L’artigianato, fa i conti con ore residue risicate di ammortizzatore, confidando negli effetti del nuovo provvedimento di CIG in deroga con tutte le difficoltà nell’applicazione, tentando di traguardare il fine anno, e l’industria ha difficoltà a programmare oltre i primi mesi del 2025, che comunque saranno in continuità col
fine 2024 nella crisi.
Il dato comune tra industria e artigianato nei vari settori è l’incertezza e l’imprevedibilità del mercato; i fattori geopolitici e, in determinati settori, le inclinazioni dei consumatori non permettono più di pensare con meri calcoli di gestione delle stagionalità o con indicatori consolidati di programmazione della
produzione, in particolare ora con la grave crisi che si sta sviluppando nelle sue drammatiche dimensioni.
Vi è l’urgente necessità di nuove strategie politico-industriali che, purtroppo, il nostro paese da troppo tempo non sta implementando, continuando a mantenere inefficace e inascoltato il confronto con le parti sociali.
La sinergia nel territorio non può arrivare solo davanti alla crisi epocale. Investimenti, insediamenti e risorse devono essere conseguenti al risultato misurato dei bisogni, dove il territorio, con proprie istituzioni, deve essere messo nelle condizioni di governare i processi di sviluppo.
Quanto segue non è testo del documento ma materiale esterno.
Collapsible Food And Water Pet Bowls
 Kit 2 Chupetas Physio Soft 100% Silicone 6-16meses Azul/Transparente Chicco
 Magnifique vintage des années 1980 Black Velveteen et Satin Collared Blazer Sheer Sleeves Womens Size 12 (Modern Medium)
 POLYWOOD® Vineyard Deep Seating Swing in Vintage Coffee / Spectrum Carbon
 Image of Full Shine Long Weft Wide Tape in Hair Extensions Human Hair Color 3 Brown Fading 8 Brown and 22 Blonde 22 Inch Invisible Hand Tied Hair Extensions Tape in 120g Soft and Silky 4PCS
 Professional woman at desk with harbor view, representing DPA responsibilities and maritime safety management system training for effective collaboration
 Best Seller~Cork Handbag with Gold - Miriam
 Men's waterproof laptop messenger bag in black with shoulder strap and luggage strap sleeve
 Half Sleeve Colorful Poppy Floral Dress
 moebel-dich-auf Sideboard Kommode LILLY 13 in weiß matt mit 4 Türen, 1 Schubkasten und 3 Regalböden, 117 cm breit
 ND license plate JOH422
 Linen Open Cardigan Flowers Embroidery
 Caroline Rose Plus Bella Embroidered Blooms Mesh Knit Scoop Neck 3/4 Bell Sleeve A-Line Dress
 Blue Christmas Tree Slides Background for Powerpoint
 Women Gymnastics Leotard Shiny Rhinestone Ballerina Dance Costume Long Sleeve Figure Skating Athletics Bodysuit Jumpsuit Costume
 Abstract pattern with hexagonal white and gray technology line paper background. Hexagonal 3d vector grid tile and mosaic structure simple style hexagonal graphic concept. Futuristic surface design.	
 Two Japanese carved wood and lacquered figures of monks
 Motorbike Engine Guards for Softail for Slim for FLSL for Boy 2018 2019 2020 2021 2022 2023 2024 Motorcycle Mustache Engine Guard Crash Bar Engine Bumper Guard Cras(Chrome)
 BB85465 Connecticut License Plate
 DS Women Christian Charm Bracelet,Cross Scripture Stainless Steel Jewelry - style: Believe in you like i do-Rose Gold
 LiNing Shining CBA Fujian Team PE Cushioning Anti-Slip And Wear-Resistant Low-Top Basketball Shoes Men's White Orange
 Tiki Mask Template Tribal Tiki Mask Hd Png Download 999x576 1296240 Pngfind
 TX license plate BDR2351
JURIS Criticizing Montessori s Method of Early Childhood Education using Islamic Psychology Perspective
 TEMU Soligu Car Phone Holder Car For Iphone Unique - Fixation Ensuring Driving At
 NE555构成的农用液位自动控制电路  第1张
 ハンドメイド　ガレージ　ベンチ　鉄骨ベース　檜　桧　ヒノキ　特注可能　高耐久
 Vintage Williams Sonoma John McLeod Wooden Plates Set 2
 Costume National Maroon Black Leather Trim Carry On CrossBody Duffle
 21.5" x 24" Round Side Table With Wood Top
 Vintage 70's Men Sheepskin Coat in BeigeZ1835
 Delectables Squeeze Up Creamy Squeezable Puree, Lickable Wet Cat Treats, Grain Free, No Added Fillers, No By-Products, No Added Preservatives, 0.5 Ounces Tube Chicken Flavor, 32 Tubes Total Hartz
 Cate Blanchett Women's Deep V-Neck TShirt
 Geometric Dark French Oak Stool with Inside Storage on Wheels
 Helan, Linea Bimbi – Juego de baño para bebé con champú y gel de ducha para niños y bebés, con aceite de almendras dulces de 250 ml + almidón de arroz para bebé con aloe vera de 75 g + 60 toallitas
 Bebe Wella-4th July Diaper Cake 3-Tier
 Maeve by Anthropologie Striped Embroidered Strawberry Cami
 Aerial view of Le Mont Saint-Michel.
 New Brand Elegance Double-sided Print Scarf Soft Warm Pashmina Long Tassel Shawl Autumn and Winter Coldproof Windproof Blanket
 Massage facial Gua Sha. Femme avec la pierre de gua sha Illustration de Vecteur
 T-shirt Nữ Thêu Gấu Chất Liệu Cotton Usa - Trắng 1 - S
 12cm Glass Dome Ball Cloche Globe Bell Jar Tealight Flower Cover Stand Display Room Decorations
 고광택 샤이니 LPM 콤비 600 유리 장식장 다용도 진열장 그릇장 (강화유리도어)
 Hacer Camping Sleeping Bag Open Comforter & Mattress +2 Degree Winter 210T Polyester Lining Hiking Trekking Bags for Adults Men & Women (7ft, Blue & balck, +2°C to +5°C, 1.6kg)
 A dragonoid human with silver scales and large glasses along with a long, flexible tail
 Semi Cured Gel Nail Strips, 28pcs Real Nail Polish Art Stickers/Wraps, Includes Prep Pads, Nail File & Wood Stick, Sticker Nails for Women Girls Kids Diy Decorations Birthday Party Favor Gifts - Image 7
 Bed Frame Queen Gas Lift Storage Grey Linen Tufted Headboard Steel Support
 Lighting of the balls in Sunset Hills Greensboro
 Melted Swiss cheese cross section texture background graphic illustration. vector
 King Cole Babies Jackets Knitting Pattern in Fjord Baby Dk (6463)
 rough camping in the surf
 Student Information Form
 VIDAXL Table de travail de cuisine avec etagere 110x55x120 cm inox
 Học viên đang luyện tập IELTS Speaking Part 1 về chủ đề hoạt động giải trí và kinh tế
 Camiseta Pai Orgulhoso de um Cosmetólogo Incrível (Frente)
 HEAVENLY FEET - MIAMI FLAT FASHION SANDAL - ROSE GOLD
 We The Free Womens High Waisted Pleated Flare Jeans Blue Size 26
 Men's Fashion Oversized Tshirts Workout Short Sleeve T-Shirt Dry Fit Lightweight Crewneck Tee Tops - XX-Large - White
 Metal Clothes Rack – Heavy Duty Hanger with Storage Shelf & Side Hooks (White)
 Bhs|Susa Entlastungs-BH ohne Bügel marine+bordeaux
È questa la sfida che muoviamo come Federazioni Sindacali del mondo dell’Industria, ovvero quella di generale un tavolo di relazioni industriali territoriali che non faccia cogliere imprenditori, lavoratori e sistemi sociali impreparati, in particolare in un territorio già fragile come il Polesine. Se il modello industriale è calato dalla multinazionale, il modello di responsabilità sociale d’impresa deve essere quello promosso dal territorio.
Ciò che serve muove certamente da più in alto ovvero dalle politiche nazionali del Governo a sostegno del sistema paese. L’assenza di una chiara strategia industriale nazionale e di strumenti efficaci e, pertanto, assolutamente necessari per fronteggiare e governare la situazione che si sta vivendo non può che trovarci, non solo critici, ma fermi e consapevoli oppositori.
Siamo in assoluto promotori ed attuatori dei sistemi democratici e mossi dall’assoluta convinzione che la democrazia si ottenga con la consapevolezza dei problemi, la mappatura dei bisogni e l’attuazione delle misure necessarie a dare, non solo la risposta alle crisi, ma a prevenirne i drammatici effetti di natura sociale ed economica che derivano da una miope e faziosa politica fiscale, economica e d’impresa evidentemente ed ostinatamente inefficaci.
È questo il modello che rivendichiamo anche nello sciopero del 29 novembre.